The Silbersteins live a comfortable upper-bourgeois existence amid the beaux-arts luxury of their various homes and apartments. Secure in their own world and their place in Czech society, the family is dangerously slow in facing up to the increasingly grim realities that threaten to engulf it.

It is crucial when viewing “All My Loved Ones,” with its fine ensemble cast and well-evoked sense of time and place, to remember that it unfolds as a recollection of David, a boy of perhaps 10 in 1938, which means that the opening sequences are exceedingly, even incredibly, idyllic, with the lives of the Silbersteins overflowing with love and laughter. But as the times darken, writer Jiri Hubac, while never losing sight of David’s nostalgic perspective, deftly introduces a parallel omniscient observer’s point of view, witnessing events that a boy could not possibly know about at the time. Yet even with this double vision, the graceful “All My Loved Ones” is all of a piece.

It’s worth noting that in the film’s earliest scenes, when a neighbor sells his palatial 19th century villa to Jakub for a song, saying he’s taking off for America, Jakub is so thrilled with getting a bargain that he fails to grasp the dark implications of the transaction. The neighbor, Stein, is played by Jiri Menzel, the Oscar-winning director of the 1966 Prague Spring classic “Closely Watched Trains.” The sad, kindly expression on Stein’s face at Jakub’s lack of comprehension of the reason for the sale subtly sets a tone of rueful compassion that reverberates throughout this film, whose meaning and impact is sadly heightened by current world events.

*

‘All My Loved Ones’

MPAA rating: Unrated.

Times guidelines: Somber adult themes, some sex.

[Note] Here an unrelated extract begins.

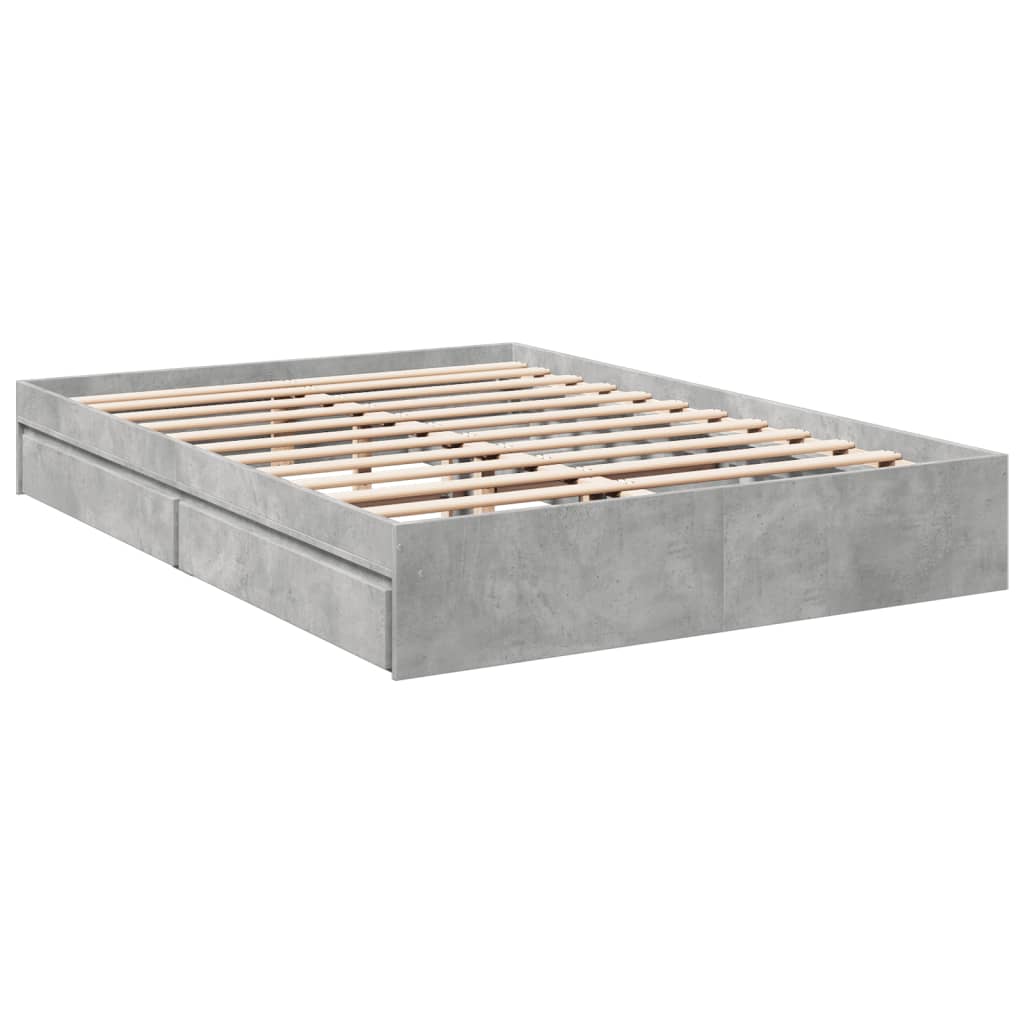Cadre de lit avec tiroirs sans matelas gris béton 150x200 cm - XIOS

Josef Abrham...Jakub Silverstein

Jiri Bartoska...Sam Silverstein

Libuse Safrankova...Irma, Jakub’s wife

Brano Holicek...David, Jakub’s son

Rupert Graves...Nicholas Winton

A Northern Arts Entertainment release of an In Film Praha presentation, supported by Eurimages. Director Matej Minac. Producers Rudolf Biermann, Jiri Bartoska, Lyn Clinton. Executive producer Veronika Marczuk-Pazura. Cinematographer Dodo Simoncic. Editor Patrik Pass. Music Janusz Stoklosa. Costumes Jarmila Konecna. Art director Martin Kurel. In Czech, with English subtitles. Running time: 1 hour, 33 minutes.